CLASH OF THE TITANS
***1/2 (out of 5)
April 2, 2010
Sam Worthington as PERSEUS
Liam Neeson as ZEUS
Ralph Fiennes as HADES
Jason Flemyng as CALIBOS
Gemma Arterton as IO
Alexa Davalos as ANDROMEDA
Studio: Warner Bros.
Directed by: Louis Leterrier
BY KEVIN CARR
Listen to Kevin’s radio review…
When all is said and done and the box office numbers have settled, the “Clash of the Titans” remake will be looked at with a somber eye by critics and audiences. And the general consensus will be that the movie isn’t as bad as some would have you believe.
The original 1981 film featured one of Ray Harryhausen’s last cinematic excursion, giving a brilliant and state-of-the-art (at least for the early 80s) use of stop-motion photography. Existing as a mish-mash of a bunch of Greek myths, the original “Clash of the Titans” told the story of Perseus in his attempt to save Andromeda from being sacrificed to the Kraken.
The remake follows roughly the same story, only leaving out a great deal of god drama and putting the bulk of the film on Perseus and the other mortal. It hits the same basic points – the threat of the Kraken, the battle for Medusa’s head, the Stygian Witches – but it does so in a darker manner with a lot more action and special effects.
There’s a lot of fanboy nostalgia that is buoying up the love of the original. Having recently watched it with my kids, I can say that it’s a different movie than it was when I was a wide-eyed nine-year-old at the local theater. The dialogue was cheesy. The special effects were cool but were obvious special effects. The characters were a bit goofy. And there were long moments of exposition.
Everything that was wrong with the original is wrong with the new film. The effects are better, sure, but they break down at times. The actors chew through the digital scenery, and while I doubt this version will replace the original in high schools classes on Greek Mythology, it has a similar loose telling of these legends.

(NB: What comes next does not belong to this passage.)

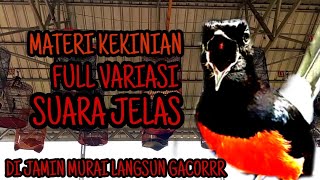 Download lagu SIMULASI LOMBA MURAI BATU TERBARU mp3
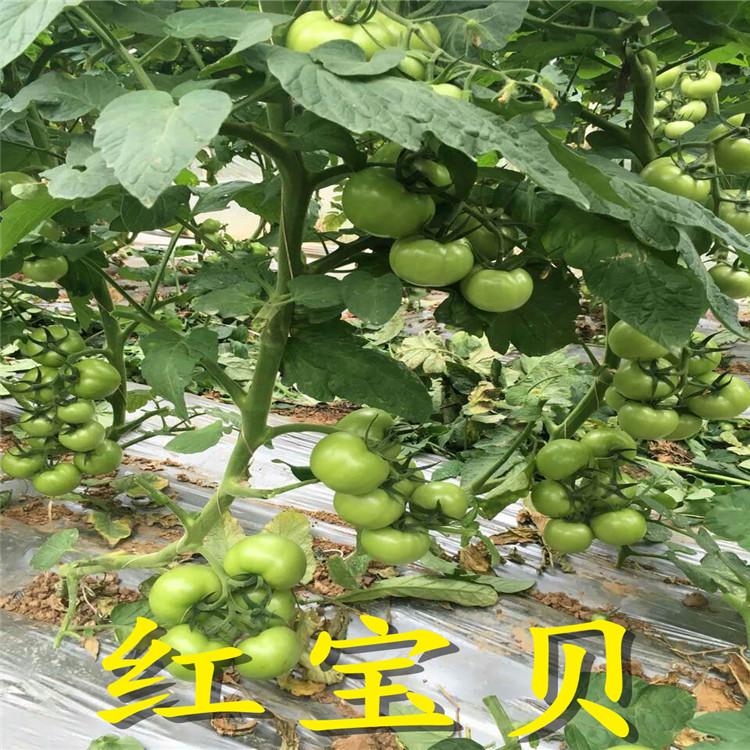 西红柿苗子 千禧小番茄种子种苗 圣女果小柿子种苗 口感好柿子苗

Like I did watching the 1981 classic, I found myself waiting for the effects sequences. The difference here is that they are much more action oriented and full of pretty cool CGI monsters. When these money shots are on screen, the film is awesome. Director Louis Leterrier, who gave us “The Incredible Hulk” two years ago, does a fine job managing these moments. However, the walk-and-talk scenes featuring character development and plot points are not the strong point.
What also makes the new “Clash of the Titans” notable is that it is presented in 3D using the post-production conversion process (rather than being shot for 3D like “Avatar” was). There has been a lot of hate spewed by critics and bloggers about this process, but most of these complaints try to condemn 3D as a whole and use the conversion process as a scapegoat.
Let’s make things clear… the post-production 3D conversion is not ideal. If you’re not a 3D fan, or if you’re going to balk at a 40% ticket price hike to see it in digital 3D, then save some money and check it out in 2D. You’ll still have fun if you don’t expect too much from the film.
I wasn’t bothered by the 3D. It looks a bit goofy in the dialogue sequences, but when the digital effects (which are rendered in true 3D) kick in, I thought it looked spectacular. Were I to see it again, I’d pay the extra money to see it in the enhanced format.
Ultimately, “Clash of the Titans” is perfect for the pre-summer blockbuster season. It’s the first event film of 2010, and it works as an action piece. It’s not “Avatar,” but no other film is. I had a ton of fun watching this movie, as did my kids. I enjoyed both this and the original for different reasons, and I am interested to watch it again.